Each Sacagawea coin in the 2020 run is going to have dual dates: 2000 to commemorate the year the line was first launched, and 2020 for the then-current year. Only special lines of coins received this dual-dating mark.

Why Aren’t More Coins in Circulation?

Simply put, the U.S, Mint only releases a certain number of dollar coins per year. It’s usually only 75,000. These coins get bought by enthusiastic coin collectors and are rarely used in regular consumer spending. It’s possible that if you tried to hand a cashier this coin, they would reject it, not realizing that it’s a real coin. Therefore, most people don’t use it.


Humans are creatures of habit. They don’t like being different and coming across another coin in their wallet or coin purse that is not the same as a penny, nickel, dime, or quarter; they don’t like to spend it. This is either because they don’t recognize it or they do recognize it as something valuable and would prefer to keep it. Therefore, many of the Sacagawea dollars do not go into general circulation.

Recognizing a Rare Sacagawea Coin

two rare sacagawea coins

image via: flickr.com

There are several identifying markings of a true Sacagawea dollar coin that you should watch out for if you’re planning to buy one as a collector’s item.


First, you’ll want to look at the obverse or heads side. There should be the bust of Sacagawea. Then, look on the reverse side to look for one of the previous-mentioned designs. All of these designs are attempts to celebrate Native American cultural influence.


Next, look at the reverse side if you have a Wounded Eagle coin. This is the one that has an eagle with its wings outstretched. Normal Wounded Eagle coins have a basic eagle. However, in 2000, there were a select few coins created and released in boxes of cereal. These coins bore the eagle reverse but had been made with a more detailed die.

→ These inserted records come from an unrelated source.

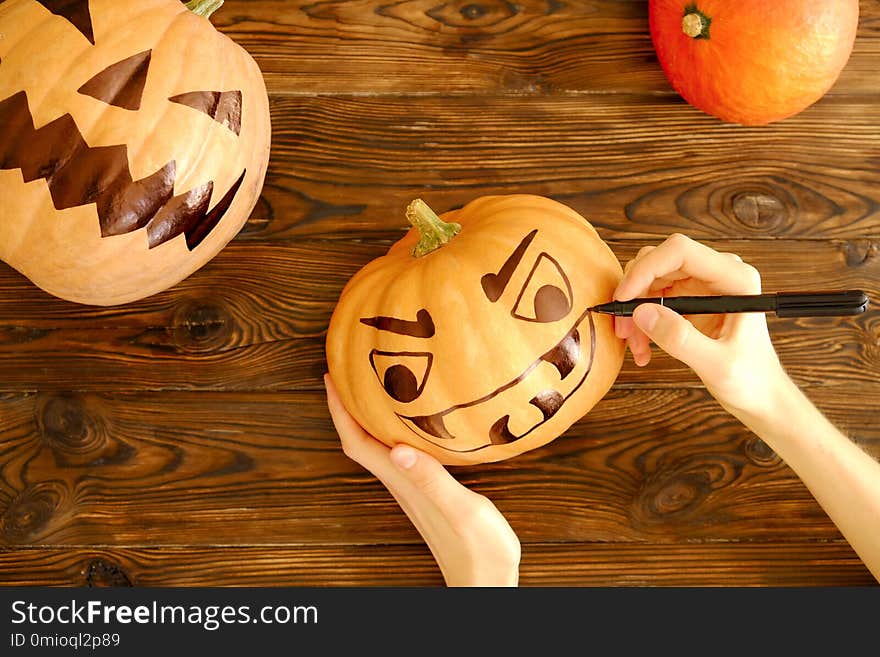 Woman`s hands drawing scary and funny Jack O Lantern face on ripe orange pumpkin with black marker pen for all hallow eve Halloween party. Holiday decoration concept. Close up, copy space, background. Woman`s hands drawing scary and funny Jack O Lantern face on ripe orange pumpkin with black marker pen for all hallow eve Halloween party. Holiday decoration concept. Close up, copy space, background.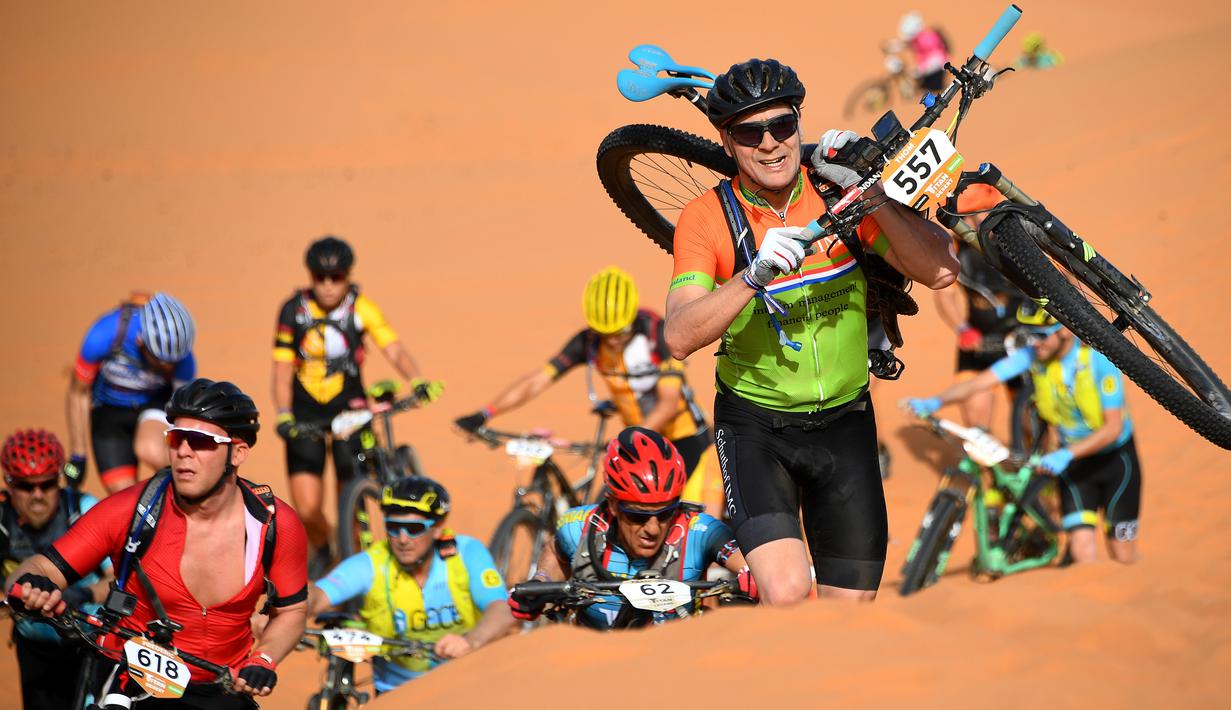 Para pebalap memanggul sepeda mereka menaiki gundukan pasir pada etape 1 edisi ke 14 balap sepeda gunung Titan Gurun 2019 di sekitar Kota Merzouga, Maroko, Minggu (28/4/2019). Trek Titan Gurun 2019 sepanjang 640 km menghubungkan antara Merzouga dan Maadid. (Franck Fife / AFP)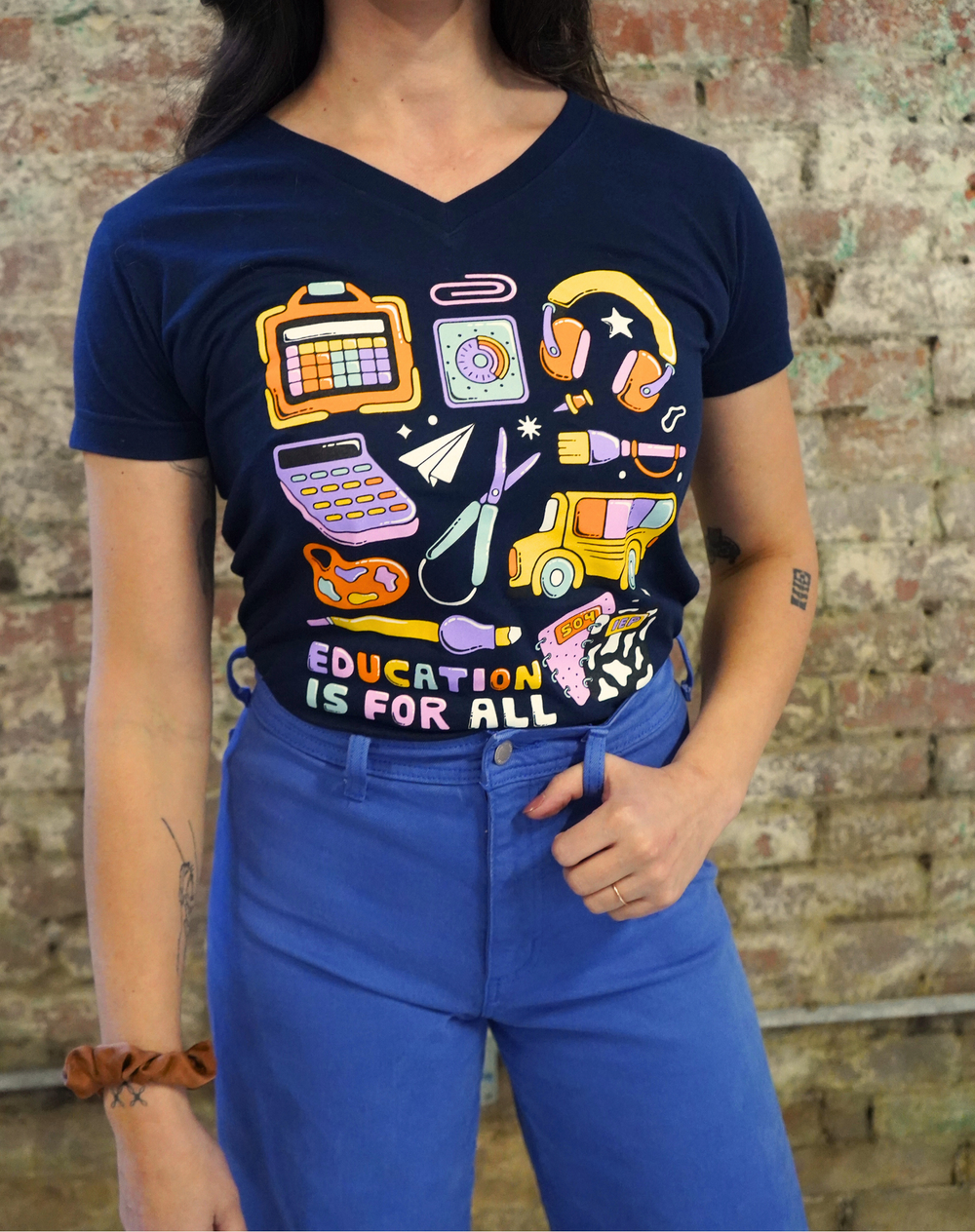 Person wearing a navy blue t-shirt with colorful graphic design and 'Education is for All' text, standing against a brick wall.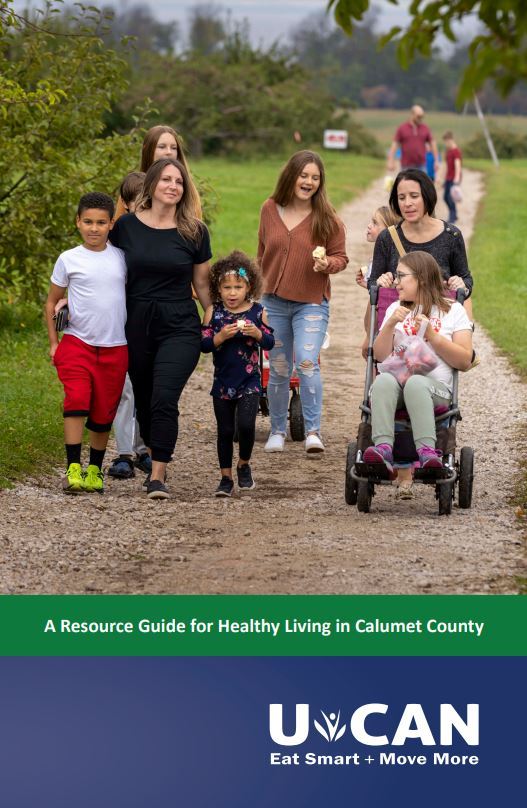 Families walking in apple orchard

If you see extra detail in the tail feathers, you’re dealing with a rare “Cheerio” dollar. However, there is one other thing to look for.


Check the edge of the coin. Some unscrupulous online sellers try to market Sacagawea dollars that are just Presidential coins. You don’t see edge lettering on true Sacagawea coins minted before 2009. The lettering reads “E Pluribus Unum” with stars going around the rest of the edge.


If anyone tries to sell you a Sacagawea coin with edge lettering claiming it to be an early model, do not purchase it. The odds are that it will be marked for much higher than the actual worth of the coin is. If you have one and want to determine the price, encapsulate the coin and send it to the Independent Coin Grading Company. They will be able to tell you whether the coin is authentic.


Next, you’ll want to look at the dates. Remember that from 2002 to 2008, the coins were not in broad circulation. If you see a Sacagawea dollar dated between these years, you have a rare coin on your hands,

Another place to look for the authenticity of the coin is the mint mark. The U.S. Mint operates facilities in different locations, but only three of them produced Sacagawea currency: the Philadephia mint, marked with a “P”; the San Francisco mint, marked with an “S”; and the Denver mint, marked with a “D.” You can find the mint mark right below the year on the obverse.


Finally, to get a rough idea of the value, look at the coin to see whether it has signs of wear. If it looks like fresh copper with no dents, chips or other signs of use, it’s likely considered an uncirculated coin and has a higher numismatic premium. In other words, it has a market price that’s more than the value of the metals with which it’s made.

How Much Will Sacagawea Coins Cost?

Most of the time, you can expect to pay anywhere from $2 to $25 for Sacagawea coins that have been minted depending on the year and the condition of the coin. However, if you encounter one of the rare coins that we discussed like the Cheerio coin, expect to be quoted a price in the thousands or millions. Those coins are indeed that rare.

Final Thoughts

If you have a Sacagawea coin in your wallet, you should probably hold on to it or get a coin collector to look at it. The coin could potentially be worth thousands of dollars if it’s a rare model. Look especially for coins minted between 2000 and 2008 for the best chance at having a rare coin. Even if you don’t have a rare coin, it could easily increase in value over time.